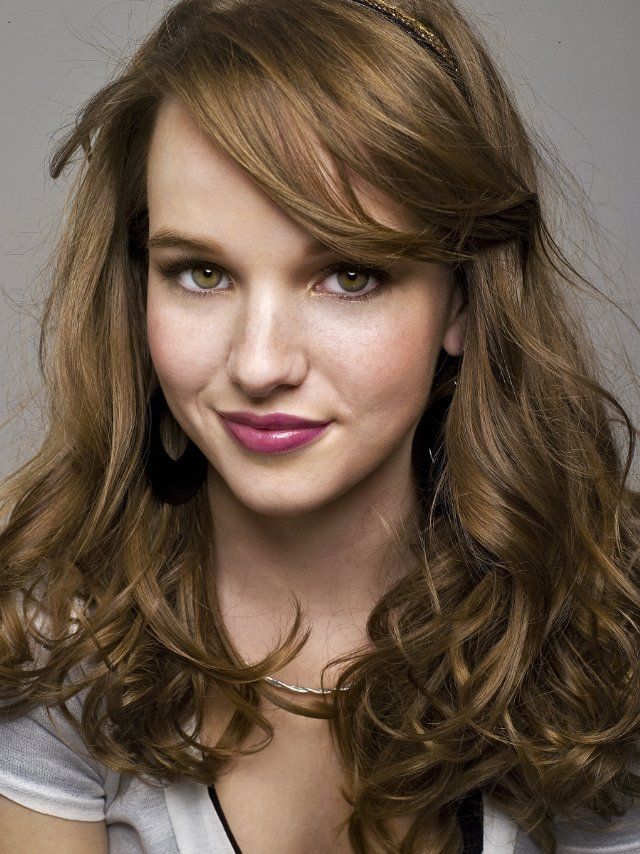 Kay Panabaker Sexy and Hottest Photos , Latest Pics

* * * * *

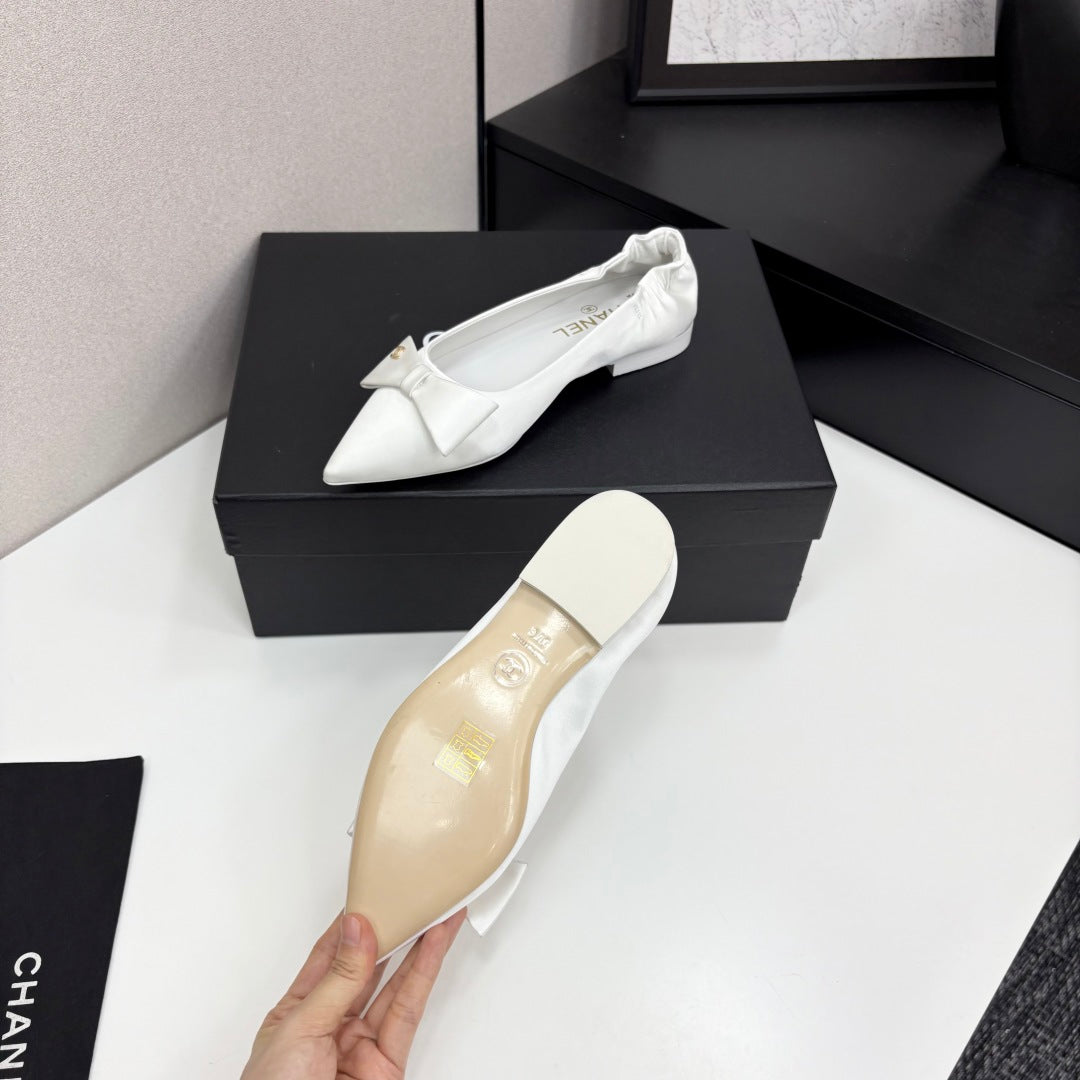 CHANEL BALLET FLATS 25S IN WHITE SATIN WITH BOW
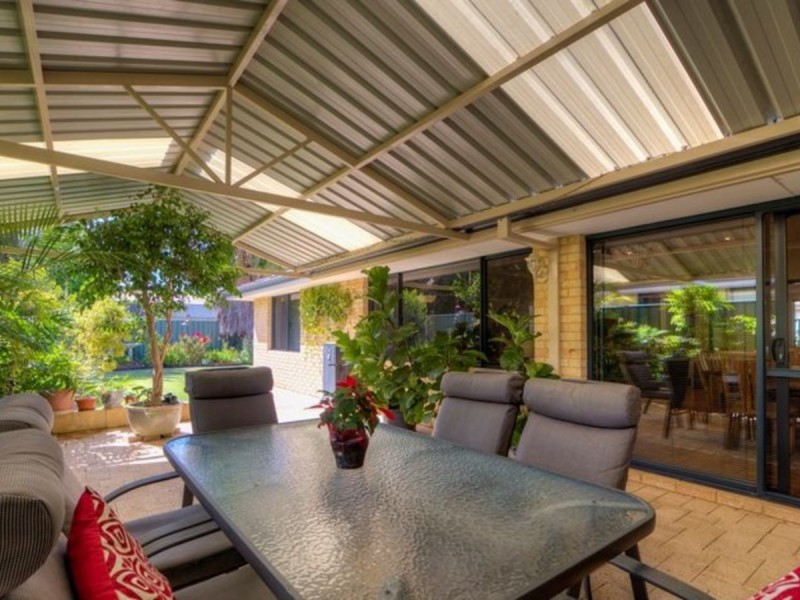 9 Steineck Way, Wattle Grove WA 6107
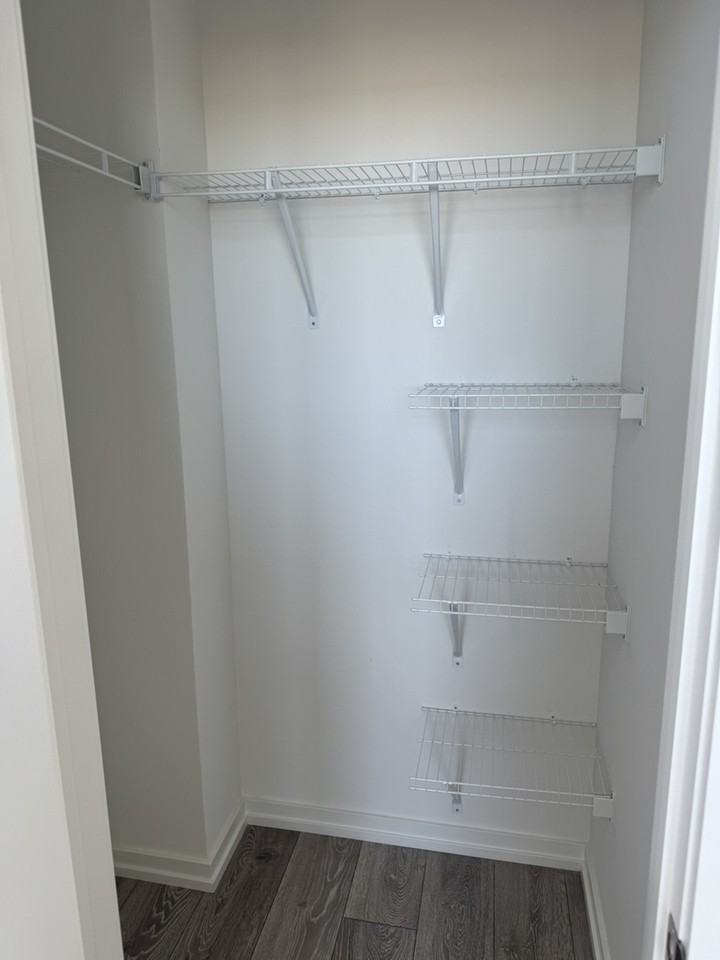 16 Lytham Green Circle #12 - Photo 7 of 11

* * * * *

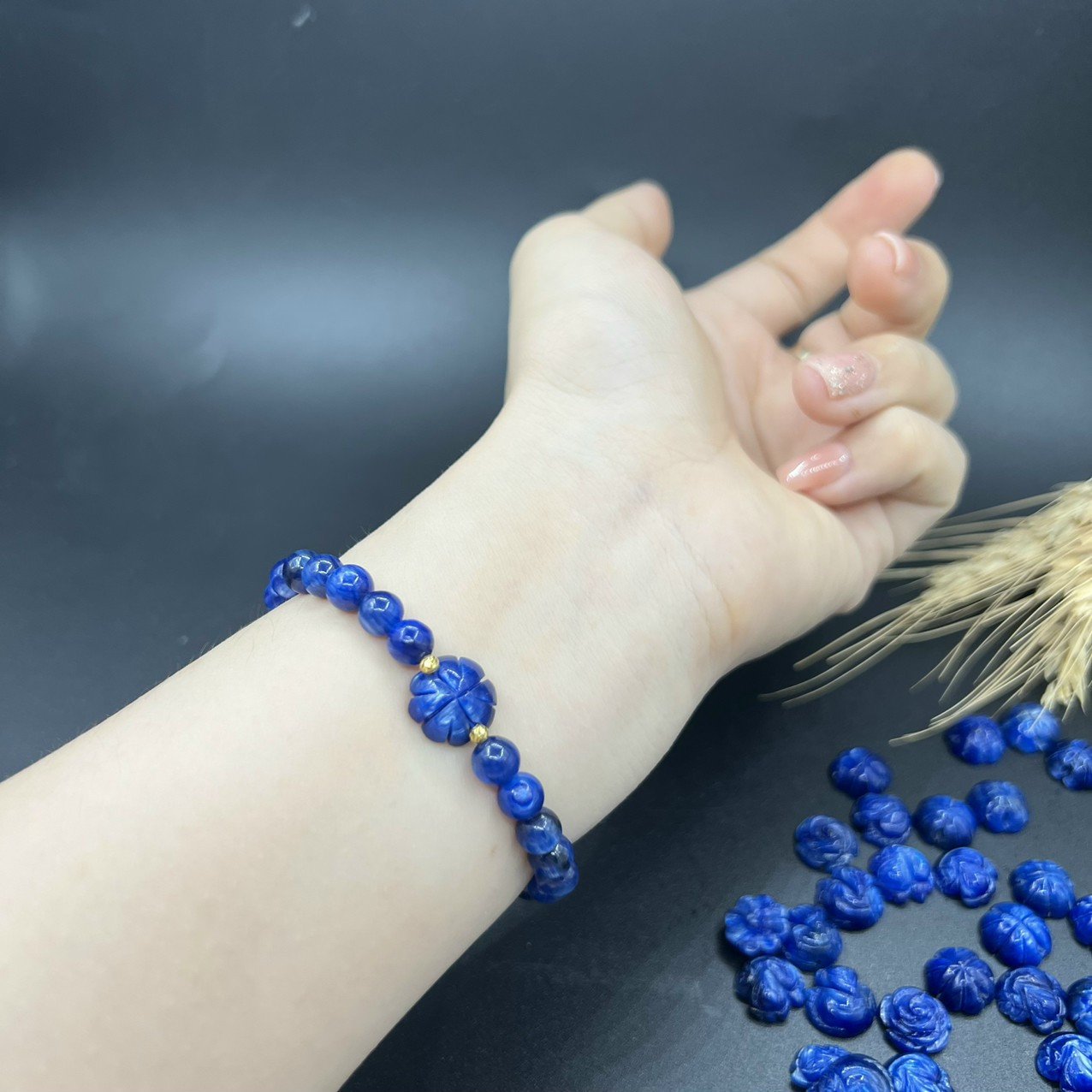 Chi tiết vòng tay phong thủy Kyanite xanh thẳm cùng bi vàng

* * * * *

What is wanted is an exact copy of the lines above from the one containing "CHANEL BALLET FLATS" through the one containing "16 Lytham Green Circle #12 - Photo 7 of 11", with no pictures in it.

• **SOLUTION TO THE EXERCISE**:
 CHANEL BALLET FLATS 25S IN WHITE SATIN WITH BOW
 9 Steineck Way, Wattle Grove WA 6107
 16 Lytham Green Circle #12 - Photo 7 of 11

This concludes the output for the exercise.